Every line from the line containing "线上实盘股票配资平台 深度专" through the end of the data is to be reproduced exactly, excluding pictures.

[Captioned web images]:
********
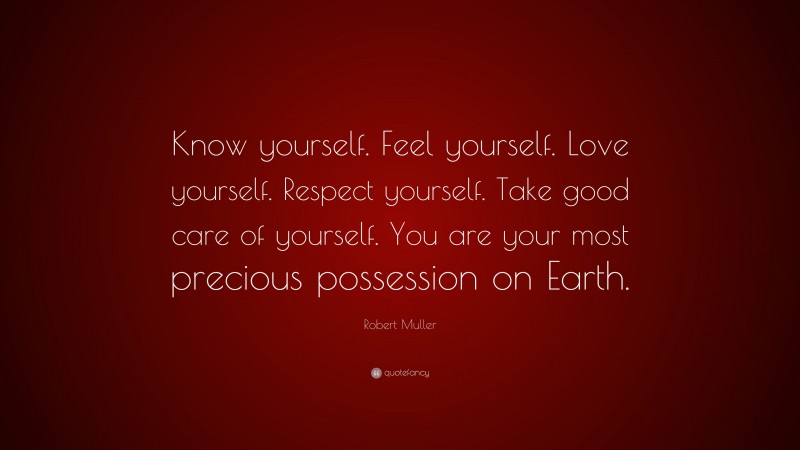 Robert Muller Quote: “Know yourself. Feel yourself. Love yourself. Respect yourself. Take good care of yourself. You are your most precious possession on Earth.”
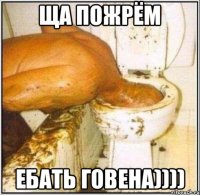 Ща пожрём Ебать Говена))))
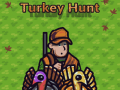 Spēle Turkey Hunt
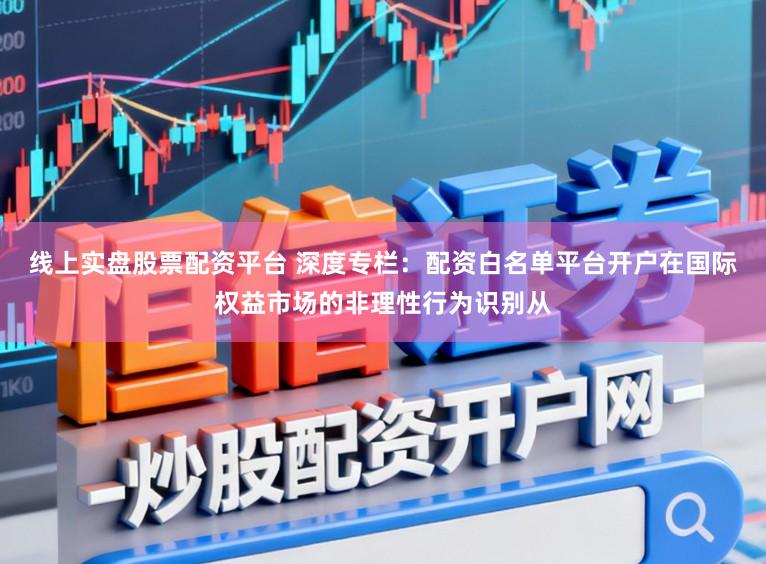 线上实盘股票配资平台 深度专栏：配资白名单平台开户在国际权益市场的非理性行为识别从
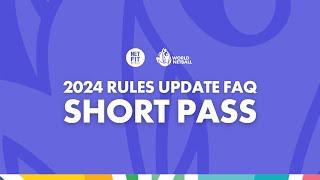 2024 Rules update FAQs - Short Pass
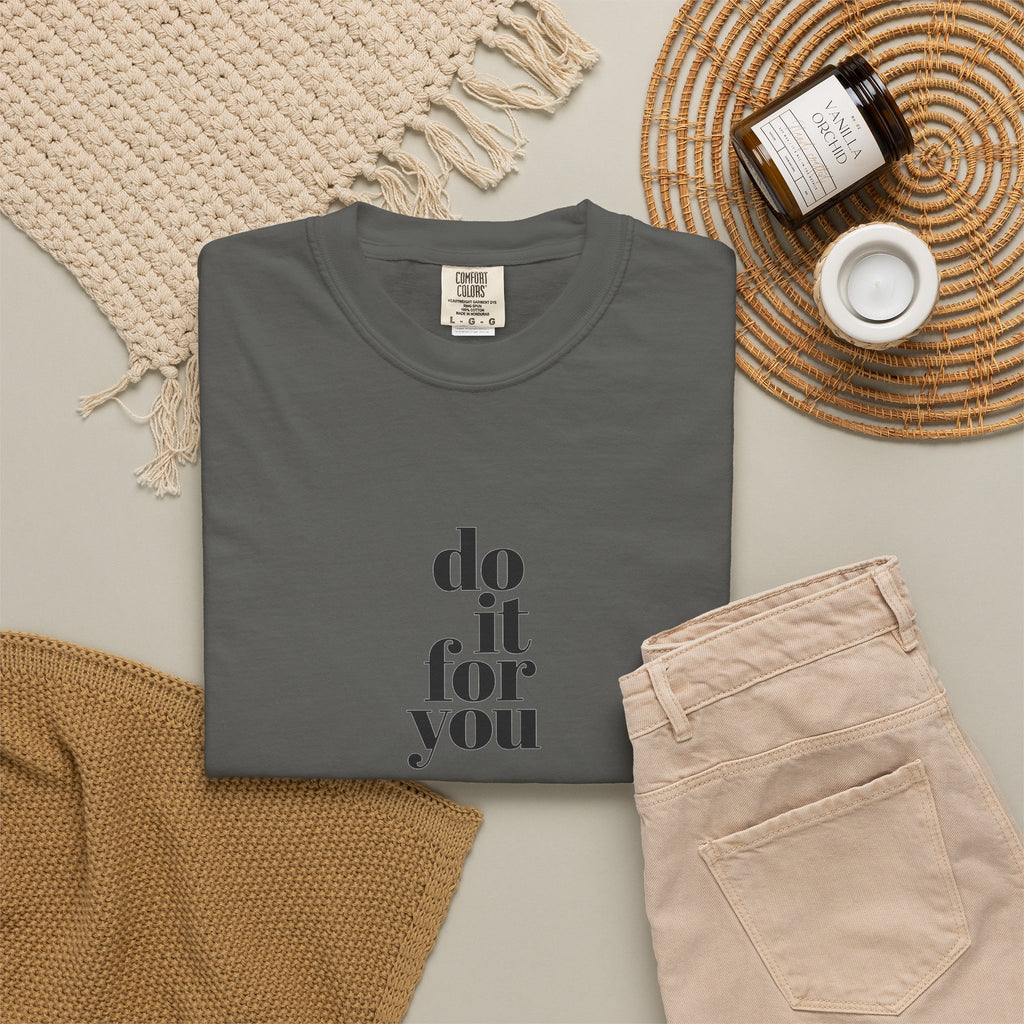 Do It For You Tee — Motivational Minimalist Graphic T-Shirt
********
[Output for this exercise]:
 线上实盘股票配资平台 深度专栏：配资白名单平台开户在国际权益市场的非理性行为识别从
 2024 Rules update FAQs - Short Pass
 Do It For You Tee — Motivational Minimalist Graphic T-Shirt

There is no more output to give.